"Just hear what Hugo has to say and say how very interesting, and don't reply." Tony Blair's advice to David Miliband on how to deal with the sage of The Guardian, as mischievously reported to Hugo Young by Miliband in 1998. To be fair, Miliband, who was then Blair's head of policy, was talking only about Labour's policy on electoral reform, then at a delicate phase. But it is a theme too fitting to resist.
Many of Young's dining companions are strikingly uninformative. Much of this book consists of the views expressed by Young, with his companion offering bland generalities that amount to saying "how very interesting" and implying that they, too, are desperately interested in, to take an example, when Blair might stage a referendum on Britain adopting the euro and how on earth he might win it.
Sometimes, with Gordon Brown, or Philip Gould, the New Labour focus-group guru, or Miliband, the inward groan as Young brings the discussion round to Europe is almost audible. Yet they humour him. "How very interesting," they say, and they discuss it thought-fully and with every appearance of caring as deeply about it as he does. But they don't really reply. They don't say: Forget it, Hugo; there isn't the remotest chance that the British people would vote to join the euro, so Blair won't have a referendum whatever happens; our time would be better employed discussing whether penalty shoot-outs are a sensible way of deciding the outcome of a football match.
The third of the three decades chronicled here, from the Maastricht Treaty of 1993 until Young's death in 2003, has as its linking theme, therefore, the story of a delusion. It was the delusion of a certain sort of British pro-European, formed in the crisis of Britain's failure to maintain its membership of the exchange rate mechanism in 1992, that a single European currency was right and Britain's membership essential. Historically, it is an important delusion, not least because it was shared initially by Blair. Reading these fascinating notes of private conversations with the clear eye of hindsight, we can see that Young's interlocutors were not only humouring him in discussing the abolition of the pound, but humouring Blair too.
Gould comes across as the most straightforward of the New Labour top table. He told Young that the British public would just not buy the euro unless the economy were a basket case. Brown was one of the least informative guests. Their first encounter was only in 1990, and 13 subsequent meetings are recorded. Young is usually complimentary about him – his intelligence, seriousness and so on – but rarely records anything interesting he said.
So we can see why the Prime Minister gave his permission for the publication of conversations that were "off the record" at the time but which had, unlike governmental records with their 30-year rule, no pre-arranged veil-lifting moment. Of course, Ion Trewin, the editor of this collection, was right to seek permission to publish from Young's subjects, and has performed a great service to contemporary historians. But selection by permission means that there is a systematic bias at which we can only guess.
The biggest bias is the absence of Blair, who refused to allow Young's accounts of off-the-record interviews to be published. Blair presumably wanted to preserve the interior account for his memoirs – and possibly to put his own retrospective gloss on it.

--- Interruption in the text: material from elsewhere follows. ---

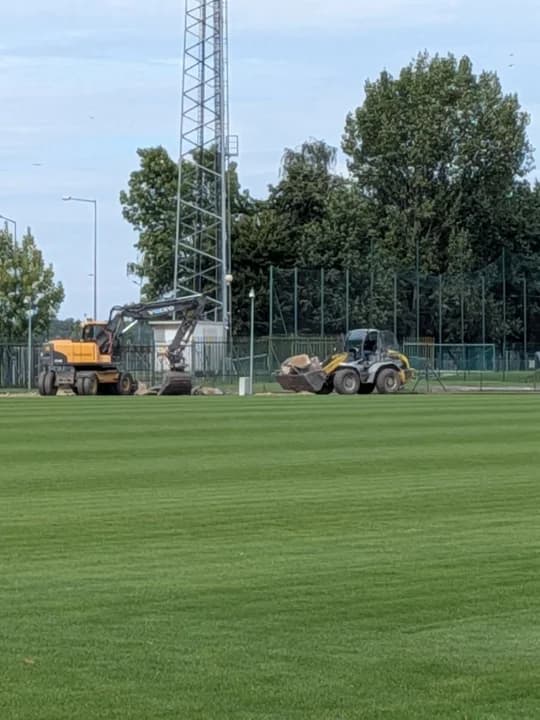 Modernizacja bieżni na stadionie miejskim w Jarocinie — zdjęcie 2 z 4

Miliband comes out well, allowing Trewin to include the account of a "de-luxe" lunch at Wilton's, which, as Young observes, "stretches to the limit the New Labour addiction to classlessness". Young also comments: "David is quite unabashed. He does try to remove his jacket, but the waiter restrains him."
Peter Mandelson, on the other hand, was caught out by the way the book was compiled. When he agreed to the publication of his view, expressed in 2000, that "Balls is a poisonous influence" on Brown, he can have had no idea that, by the time the book was published, he and Ed Balls would be members of the same Cabinet.
Despite its flaws, this is a priceless record of recent history. Young's egotism is of a gentle kind and his obsession with Europe provides a thread running through 30 years. He was a perceptive observer of the political drama, who wrote as well for his private record as in his columns. There are gems throughout, many unintended by Young himself, but available to us now only because of the clarity of his writing. Thus we discover that, contrary to the wisdom of Mark Twain, history does not only rhyme, sometimes it repeats itself. In the spring before the fall of Margaret Thatcher, Douglas Hurd tells Young that he "thought it very hard to imagine the scenario of great men waiting upon her and telling her to go. The only way she might go, he said, was simply deciding to herself. A lone, undiscussed decision."
The Hurds of today's Cabinet said the same thing in summer this year, as the speculation about Brown's survival swelled. History may repeat itself, but the ending is always different.